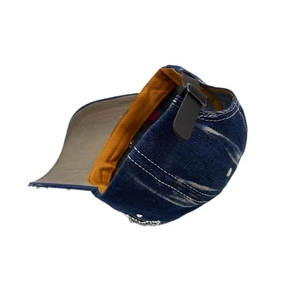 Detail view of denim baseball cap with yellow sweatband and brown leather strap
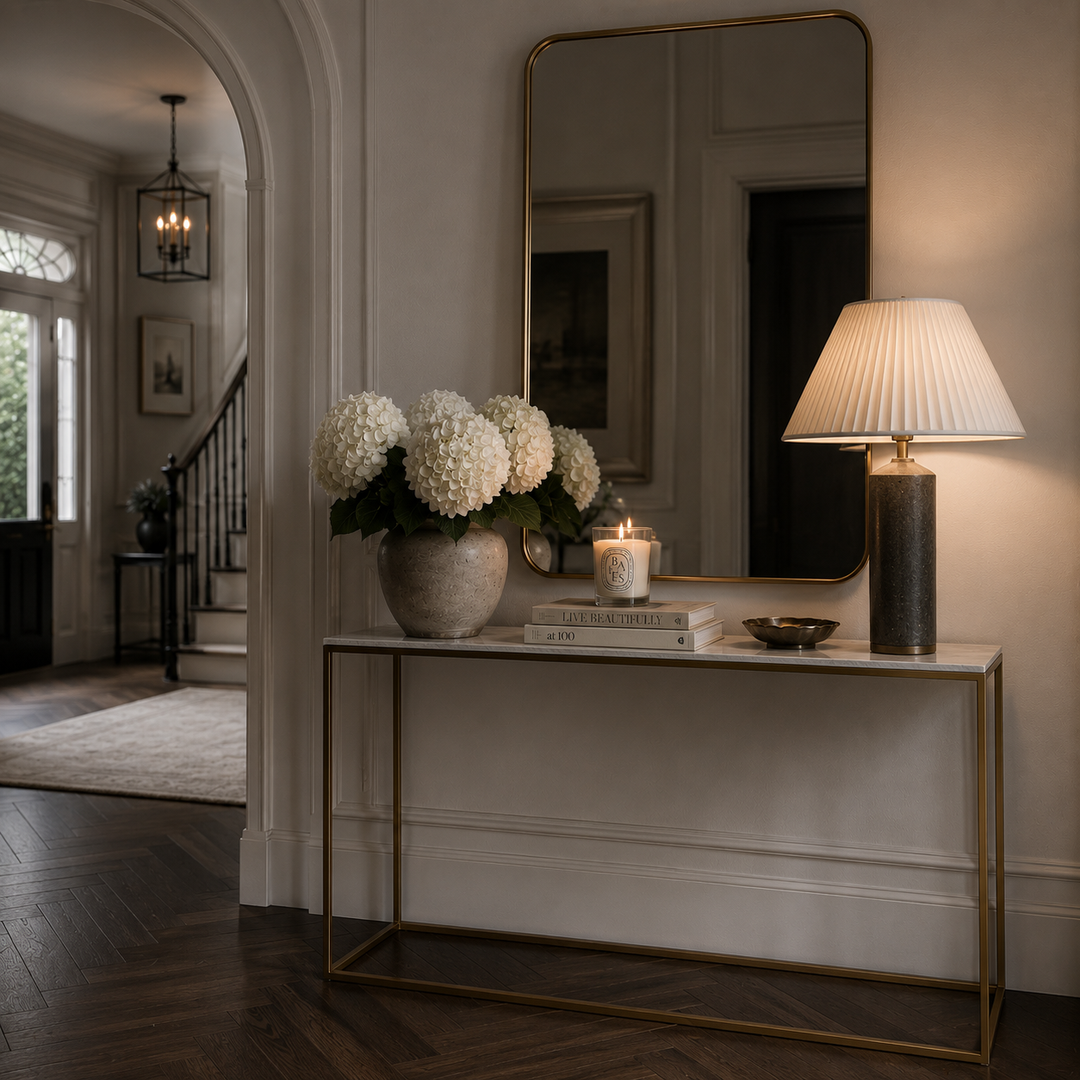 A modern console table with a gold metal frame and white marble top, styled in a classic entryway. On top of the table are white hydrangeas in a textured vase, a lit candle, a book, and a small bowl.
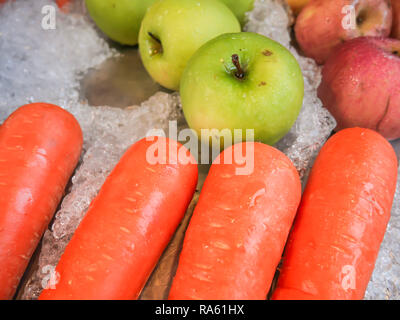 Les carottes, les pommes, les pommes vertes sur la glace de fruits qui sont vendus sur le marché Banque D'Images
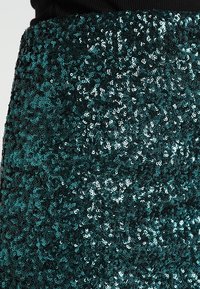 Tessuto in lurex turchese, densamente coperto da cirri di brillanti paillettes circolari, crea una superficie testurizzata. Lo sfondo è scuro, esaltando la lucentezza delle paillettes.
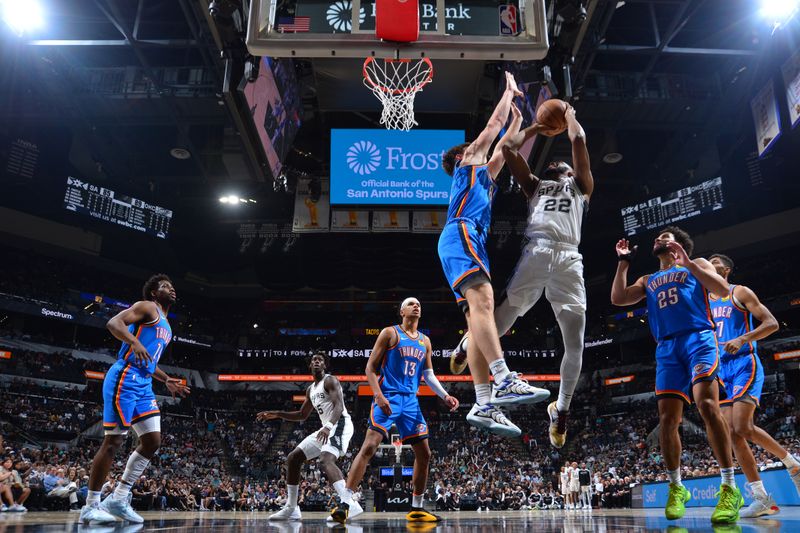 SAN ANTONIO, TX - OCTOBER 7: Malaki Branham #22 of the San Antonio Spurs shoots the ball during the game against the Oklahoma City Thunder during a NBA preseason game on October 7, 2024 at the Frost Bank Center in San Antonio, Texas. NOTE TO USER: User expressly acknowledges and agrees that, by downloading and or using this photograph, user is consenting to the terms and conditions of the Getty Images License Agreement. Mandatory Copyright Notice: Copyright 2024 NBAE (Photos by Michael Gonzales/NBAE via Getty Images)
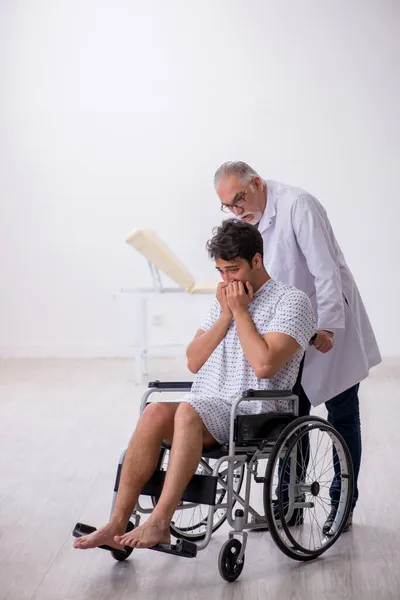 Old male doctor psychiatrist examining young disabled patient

----------

§ **WORK INSTRUCTIONS**
Exactly restate the lines from the beginning of the data through the line with "Les carottes, les", and no others, keeping pictures out.

§ **RESPONSE**
 Detail view of denim baseball cap with yellow sweatband and brown leather strap
 A modern console table with a gold metal frame and white marble top, styled in a classic entryway. On top of the table are white hydrangeas in a textured vase, a lit candle, a book, and a small bowl.
 Les carottes, les pommes, les pommes vertes sur la glace de fruits qui sont vendus sur le marché Banque D'Images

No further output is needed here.